I also contend that TF is not always the best. Sometimes it is. But sometimes it isn't. Sometimes local trail gnomes have put more effort into some other trail database. And I expect that their pay model is going to dial back submissions as some folks stop using it on their phones. I know locally, this is true to a degree. Major trail changes took months before I ended up putting them on TF, and I'm hardly a TF power user. And TF does tend to be the best resource in my area. so....


----------



## Jayem (Jul 16, 2005)

Don't need a GPS to find good tail.


----------



## guidodg (Mar 2, 2004)

Karoo Hammerhead...


----------



## StayVigilant35 (8 mo ago)

Jayem said:


> Don't need a GPS to find good tail.


Ha! As soon as I was this I know my phone misspelled something


----------



## StayVigilant35 (8 mo ago)

I ordered the 1040 solar this morning


----------



## Bassmantweed (Nov 10, 2019)

Looks like the 1040 dropped today and the major “upgrade” is solar. 😂😂🤔

save your $ and get the 1030


----------



## wayold (Nov 25, 2017)

Bassmantweed said:


> Looks like the 1040 dropped today and the major “upgrade” is solar. 😂😂🤔
> 
> save your $ and get the 1030


According to DCRainmaker the even bigger difference is in GPS accuracy - particularly in the woods. That might make a difference to some MTBers.


----------



## Bassmantweed (Nov 10, 2019)

wayold said:


> According to DCRainmaker the even bigger difference is in GPS accuracy - particularly in the woods. That might make a difference to some MTBers.


his wrap up.

….”Ultimately though, if you’re on an older Edge unit, or looking for arguably the best bike computer in the market, the Edge 1040 or Edge 1040 Solar won’t disappoint. I’m not sure it’s worthwhile upgrading from an Edge 1030 Plus….”


----------



## wayold (Nov 25, 2017)

Hey, I'm not running out and spending $750 on a new 1040 Solar either. I just think that it's worth mentioning that it has more going for it than just a solar panel.


----------



## Harold (Dec 23, 2003)

I like the looks of the new UI, and I like the way the increase in processing speed sounds. And of course the increase in battery life from having the solar addon.

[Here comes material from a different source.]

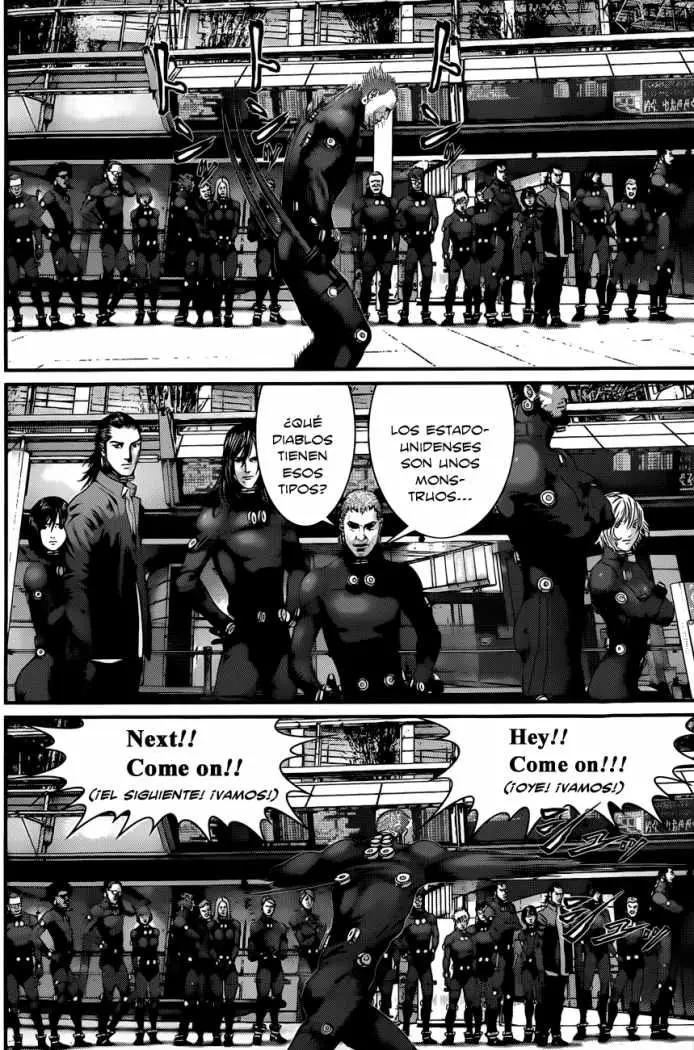 Gantz (2000) - Capítulo 375 - Página 11 - LectorTMOo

Hopefully Garmin brings those things to a smaller form factor computer eventually (maybe next yr?).


----------



## Bassmantweed (Nov 10, 2019)

Harold said:


> I like the looks of the new UI, and I like the way the increase in processing speed sounds. And of course the increase in battery life from having the solar addon.
> 
> Hopefully Garmin brings those things to a smaller form factor computer eventually (maybe next yr?).

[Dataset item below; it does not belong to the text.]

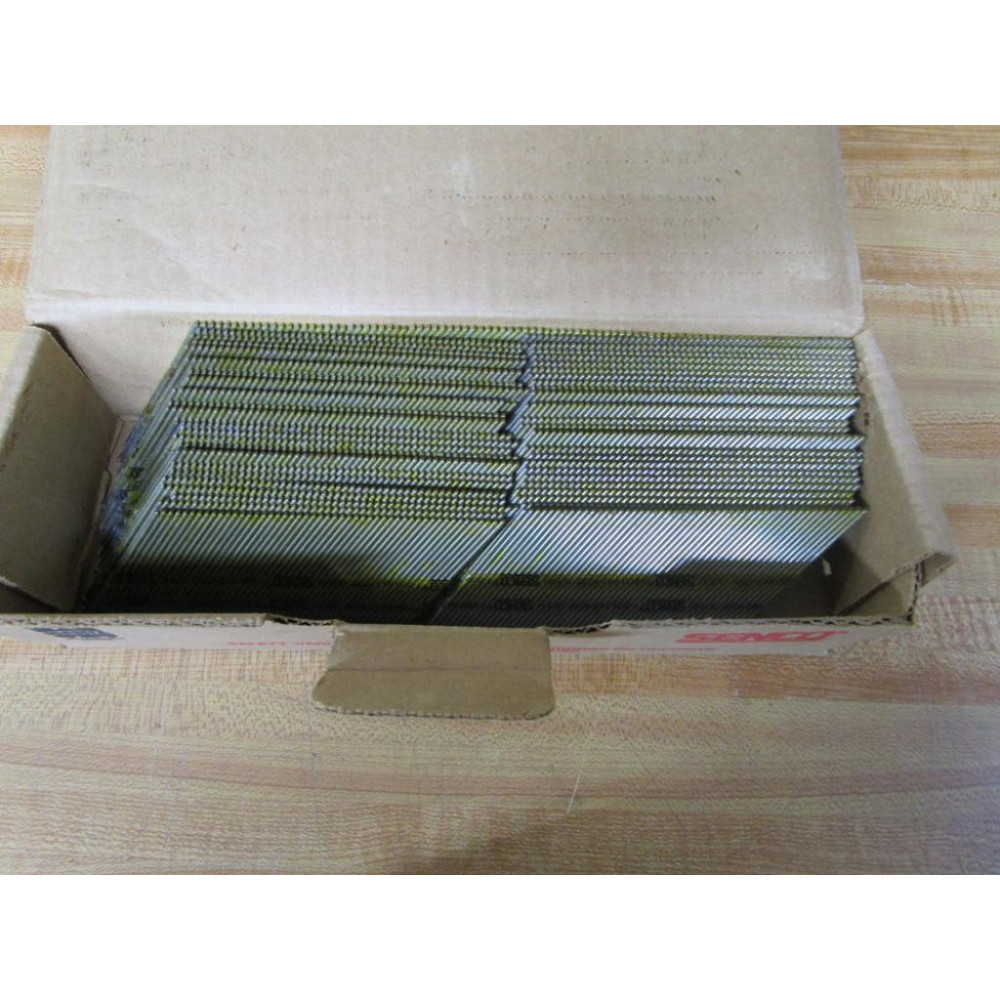 Senco DA25EPB 2-12" Handi-Strip Finish Nails (Pack of 3000)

ibe never out ridden a charge. In fact I get 6-7 rides on a charge. Andwhy do you want smaller form factor? Just curious as I’m the opposite and would love a bigger screen.


----------



## StayVigilant35 (8 mo ago)

Bassmantweed said:


> ibe never out ridden a charge. In fact I get 6-7 rides on a charge. Andwhy do you want smaller form factor? Just curious as I’m the opposite and would love a bigger screen.


In all honesty if the regular battery unit was available sooner than two months I’d have bought it. Solar sounds cool but what are the odds I run out of battery in a days ride…?


----------



## Bassmantweed (Nov 10, 2019)

TheWitness34 said:


> what are the odds I run out of battery in a days ride…?


zero


----------



## Harold (Dec 23, 2003)

Bassmantweed said:


> ibe never out ridden a charge. In fact I get 6-7 rides on a charge. Andwhy do you want smaller form factor? Just curious as I’m the opposite and would love a bigger screen.


It's not about outriding a charge in one day. It's about being able to use the computer for multiple days without worrying about it. Especially bikepacking. I can squeeze 2 big days out of my Edge 520. That's a bare minimum requirement for me. If my rides are short, sure, I can get more. A few more long days would be nice. I'm sure the huge battery life possibilities of the solar functionality plus the aux battery pack are for endurance riders, expedition riders, and such. I would appreciate the ability to not need to plug in to charge (and carry the extra gear to do so) after 2 days of bikepacking, for sure.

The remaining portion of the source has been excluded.